Whenever you purchase a cryptocurrency like Bitcoin or Ethereum from a trade, it is crucial to understand that that’s an investment like any other stocks and other securities. A cryptocurrency is purchased for a price, left to grow in value, and later sold for profits. So, since cryptocurrencies are investments, they could as well be subject to numerous rules and regulations by the Financial Industry Regulatory Authority (FINRA) in one way or another.

So, if you are wondering if FINRA could one day oversee crypto trading, then this article is meant for you. Kindly consider reading on!

1. FINRA Wants Brokers to Disclose all Crypto Dealings

To monitor cryptocurrency activities, FINRA has stepped up rules and regulation requirements for all cryptocurrency brokerages. As a cryptocurrency broker, you are required to disclose your current or prospective cryptocurrency-related dealings. That way, Wall Street will be able to protect the public from cryptocurrency-related exploitations or frauds.

If you feel that a broker has violated the rules or given you a raw deal, this means that a FINRA arbitration lawyer can help resolve the dispute. However, arbitration and mediation through alternative dispute resolution (ADR) work best where there is an agreement between the broker and the investor.

2. Do Cryptocurrency Dealers Need FINRA Certification?

Yes, they do. Whether you like it or not, you need proper certification by FINRA for you to act as a broker-dealer of securities in the United States. While the Securities Exchange Commission (SEC) and the Financial Industry Regulatory Authority (FINRA) enforce the rules, certifying, and registering all security broker-dealers, it is FINRA that sets the licensing standards. Therefore, as a cryptocurrency broker, you will most likely need FINRA certification.
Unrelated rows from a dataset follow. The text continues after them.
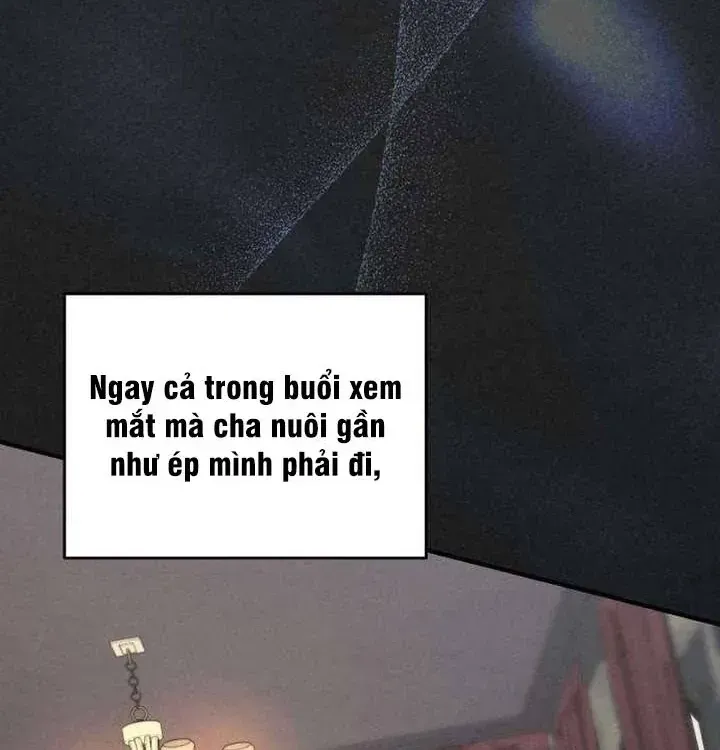 Dấu Ấn Hậu Thuẫn Chapter 2 - Trang 47
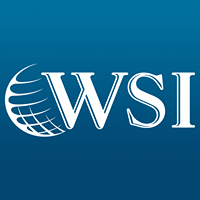 WSI Digital Marketing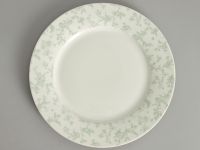 Тарелка Пасхальный праздник/La Festivita Pasquali III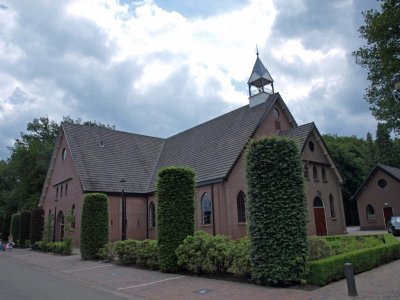 Ermelo, geref gem in Ned 11, 2012.jpg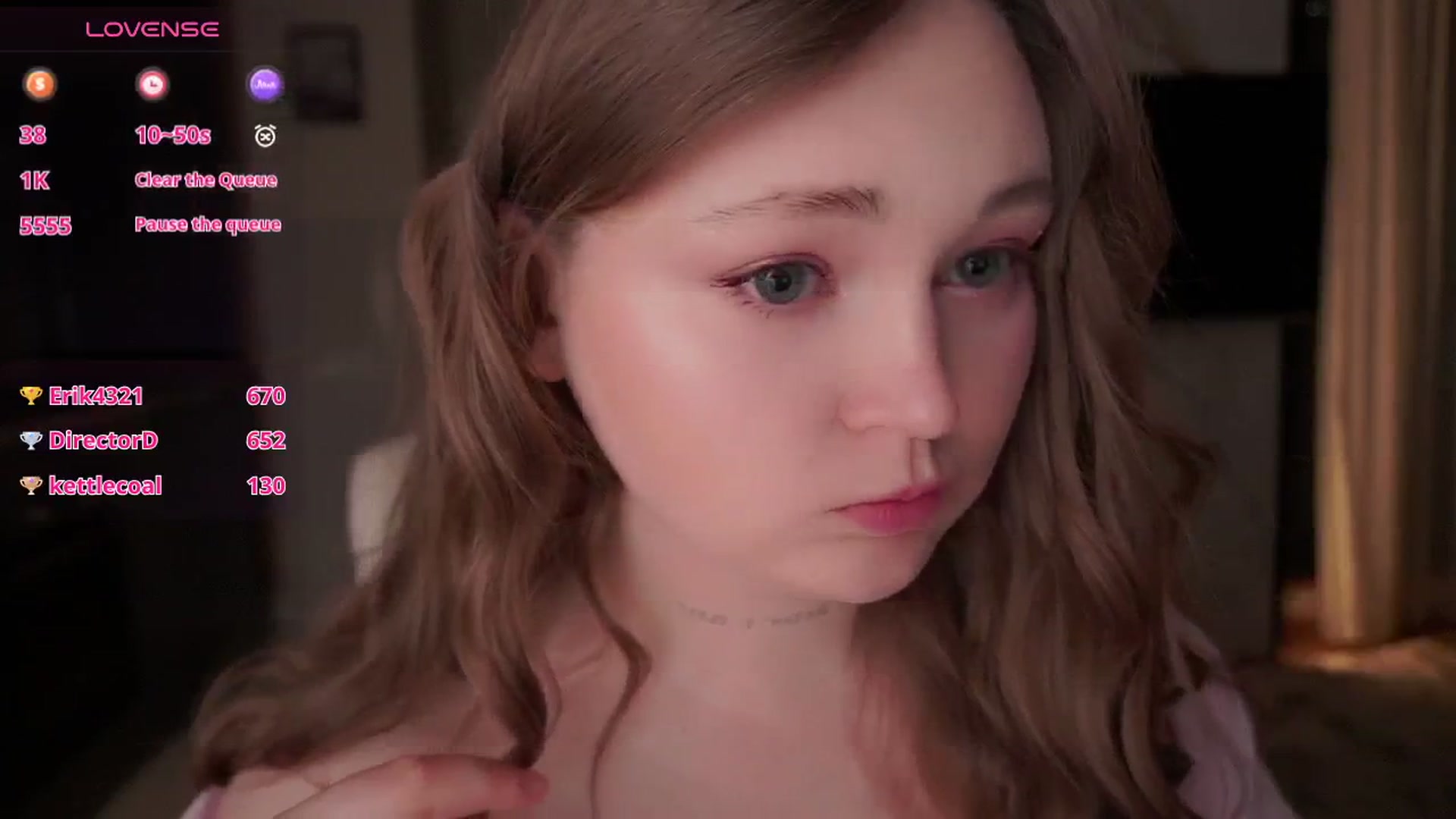 Suck_Doll video thumbnail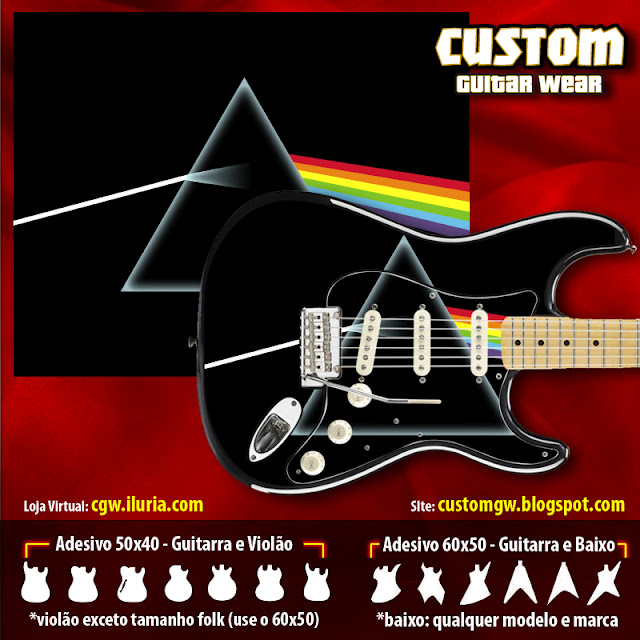 46 Migliori Adesivi Auto Famiglia Nel 2024 (recensioni, Opinioni, Prezzi - Foto 10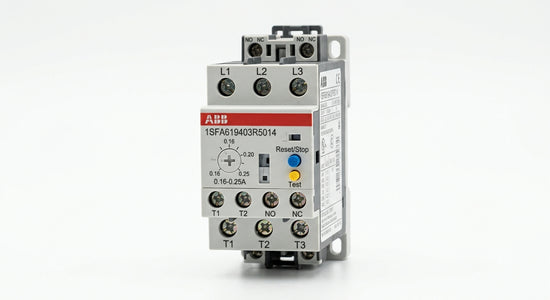ABB 1SFA619403R5014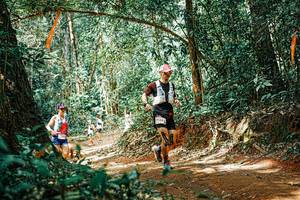 BIB: 
                            <button type="button" onclick="openModal(25395682)" class="btn btn-primary btn-sm float-right btn-popup" data-toggle="modal" data-target=".modal-high-quality">
                        <i class="fas fa-shopping-cart"></i> Add to Cart
                    </button>
                                            <button type="button" onclick="isThisMe(25395682, true)" class="btn btn-success btn-sm float-right btn-popup btn-isme hidden" data-toggle="tooltip" data-placement="bottom" title="นี่คือรูปของคุณใช่ไหม คลิกที่นี่เพื่อเอาเข้าอัลบั้ม">
                        <i class="fas fa-plus"></i> Add to album
                    </button>
                    <button type="button" onclick="isThisMe(25395682, false)" class="btn btn-warning btn-sm float-right btn-popup btn-isnotme hidden">
                        <i class="fas fa-ban"></i> Remove from album
                    </button>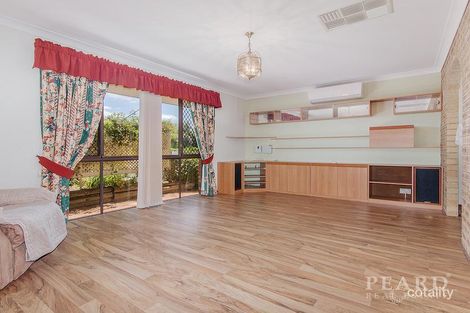 Property photo of 4 Yanmar Place Mandurah WA 6210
Additionally, FINRA provides useful resources such as BrokerCheck and databases to help potential investors verify the identity and reputation of a particular broker or dealer before making an investment decision. So, if you are looking forward to getting into cryptocurrency investment, don’t entrust anyone with your hard-earned money blindly. Before you do that, be sure to check out the resources provided by FINRA and the SEC EDGAR database.

3. How FINRA Regulates Cryptocurrencies

Primarily, FINRA regulates the financial professionals that work with stocks, securities, and any other related investment rather than the securities themselves. In that regard, FINRA might not be regulating cryptocurrency directly. Rather, it oversees the professionals involved in the cryptocurrency financial industry.

FINRA aims at helping cryptocurrency investors to invest safely. It educates investors, making them vigilant of cryptocurrency scams and investment frauds. That way, any potential cryptocurrency investor can make an informed decision before handing over his/her money to a cryptocurrency broker.

FINRA also emphasizes checking to validate that a particular cryptocurrency dealer is registered and certified. Otherwise, if fraud occurs, it may be difficult for FINRA to hold them accountable.

4. FINRA Can Help with Cryptocurrency Fraud Claims

While investing in any digital currency, you may be prone to a breach of contract by your broker, fraud, unsuitable investments, and any other related problems that might harm your investment. However, provided that your crypto broker was fully registered by FINRA, then FINRA can help you hold them accountable. If an investor is violated, he/she can file a claim against the broker or financial advisor via FINRA’s process of arbitration, which we briefly mentioned above. The FINRA’s rules set through SEC, state laws, federal laws, and other professional regulations are used to determine the type of fraud and the amount of damage the broker has to pay.

As highlighted in this article FINRA’s job is primarily to regulate the financial professionals that work with stocks and securities. They do not directly regulate the securities themselves. However, with the increasing popularity of cryptocurrencies and the subsequent increase in fraudulent deals, perhaps FINRA could one day step in and regulate the trade of today’s virtual currencies. The only way to find out is to wait and see.